**TASK ITEM**
The entries must be retyped exactly, down to the last line.
*** EXTRACTED MATERIAL Section Begins ***
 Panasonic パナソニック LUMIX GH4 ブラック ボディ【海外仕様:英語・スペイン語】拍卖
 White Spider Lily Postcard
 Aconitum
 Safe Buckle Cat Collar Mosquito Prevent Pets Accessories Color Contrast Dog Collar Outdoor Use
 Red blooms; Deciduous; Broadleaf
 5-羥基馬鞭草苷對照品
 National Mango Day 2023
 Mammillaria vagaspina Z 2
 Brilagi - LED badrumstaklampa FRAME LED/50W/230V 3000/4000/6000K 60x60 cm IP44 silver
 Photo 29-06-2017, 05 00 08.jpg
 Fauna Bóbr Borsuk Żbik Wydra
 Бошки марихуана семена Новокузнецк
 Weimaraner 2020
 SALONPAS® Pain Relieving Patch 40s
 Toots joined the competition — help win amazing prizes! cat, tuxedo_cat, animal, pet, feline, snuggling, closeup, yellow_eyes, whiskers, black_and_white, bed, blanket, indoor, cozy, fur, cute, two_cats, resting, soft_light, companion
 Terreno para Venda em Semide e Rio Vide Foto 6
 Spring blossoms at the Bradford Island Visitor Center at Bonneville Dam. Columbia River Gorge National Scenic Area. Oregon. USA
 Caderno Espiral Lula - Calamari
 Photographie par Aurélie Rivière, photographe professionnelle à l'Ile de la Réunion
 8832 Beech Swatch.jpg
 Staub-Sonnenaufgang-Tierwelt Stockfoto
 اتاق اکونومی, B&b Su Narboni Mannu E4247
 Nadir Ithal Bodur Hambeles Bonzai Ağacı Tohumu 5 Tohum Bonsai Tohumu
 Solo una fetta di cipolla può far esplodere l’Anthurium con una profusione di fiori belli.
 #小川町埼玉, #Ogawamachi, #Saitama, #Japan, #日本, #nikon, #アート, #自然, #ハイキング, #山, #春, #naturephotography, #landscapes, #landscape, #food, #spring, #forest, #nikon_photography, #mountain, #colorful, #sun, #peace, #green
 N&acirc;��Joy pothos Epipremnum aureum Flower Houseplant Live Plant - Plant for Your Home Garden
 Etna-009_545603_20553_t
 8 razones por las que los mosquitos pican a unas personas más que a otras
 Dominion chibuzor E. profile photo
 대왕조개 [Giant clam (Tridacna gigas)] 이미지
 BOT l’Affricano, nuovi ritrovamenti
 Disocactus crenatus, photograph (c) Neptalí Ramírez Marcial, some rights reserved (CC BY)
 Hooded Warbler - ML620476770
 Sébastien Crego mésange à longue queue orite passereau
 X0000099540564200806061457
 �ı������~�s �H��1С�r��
*** EXTRACTED MATERIAL Section Ends ***
**ANSWER TO THE EXERCISE**
 Panasonic パナソニック LUMIX GH4 ブラック ボディ【海外仕様:英語・スペイン語】拍卖
 White Spider Lily Postcard
 Aconitum
 Safe Buckle Cat Collar Mosquito Prevent Pets Accessories Color Contrast Dog Collar Outdoor Use
 Red blooms; Deciduous; Broadleaf
 5-羥基馬鞭草苷對照品
 National Mango Day 2023
 Mammillaria vagaspina Z 2
 Brilagi - LED badrumstaklampa FRAME LED/50W/230V 3000/4000/6000K 60x60 cm IP44 silver
 Photo 29-06-2017, 05 00 08.jpg
 Fauna Bóbr Borsuk Żbik Wydra
 Бошки марихуана семена Новокузнецк
 Weimaraner 2020
 SALONPAS® Pain Relieving Patch 40s
 Toots joined the competition — help win amazing prizes! cat, tuxedo_cat, animal, pet, feline, snuggling, closeup, yellow_eyes, whiskers, black_and_white, bed, blanket, indoor, cozy, fur, cute, two_cats, resting, soft_light, companion
 Terreno para Venda em Semide e Rio Vide Foto 6
 Spring blossoms at the Bradford Island Visitor Center at Bonneville Dam. Columbia River Gorge National Scenic Area. Oregon. USA
 Caderno Espiral Lula - Calamari
 Photographie par Aurélie Rivière, photographe professionnelle à l'Ile de la Réunion
 8832 Beech Swatch.jpg
 Staub-Sonnenaufgang-Tierwelt Stockfoto
 اتاق اکونومی, B&b Su Narboni Mannu E4247
 Nadir Ithal Bodur Hambeles Bonzai Ağacı Tohumu 5 Tohum Bonsai Tohumu
 Solo una fetta di cipolla può far esplodere l’Anthurium con una profusione di fiori belli.
 #小川町埼玉, #Ogawamachi, #Saitama, #Japan, #日本, #nikon, #アート, #自然, #ハイキング, #山, #春, #naturephotography, #landscapes, #landscape, #food, #spring, #forest, #nikon_photography, #mountain, #colorful, #sun, #peace, #green
 N&acirc;��Joy pothos Epipremnum aureum Flower Houseplant Live Plant - Plant for Your Home Garden
 Etna-009_545603_20553_t
 8 razones por las que los mosquitos pican a unas personas más que a otras
 Dominion chibuzor E. profile photo
 대왕조개 [Giant clam (Tridacna gigas)] 이미지
 BOT l’Affricano, nuovi ritrovamenti
 Disocactus crenatus, photograph (c) Neptalí Ramírez Marcial, some rights reserved (CC BY)
 Hooded Warbler - ML620476770
 Sébastien Crego mésange à longue queue orite passereau
 X0000099540564200806061457
 �ı������~�s �H��1С�r��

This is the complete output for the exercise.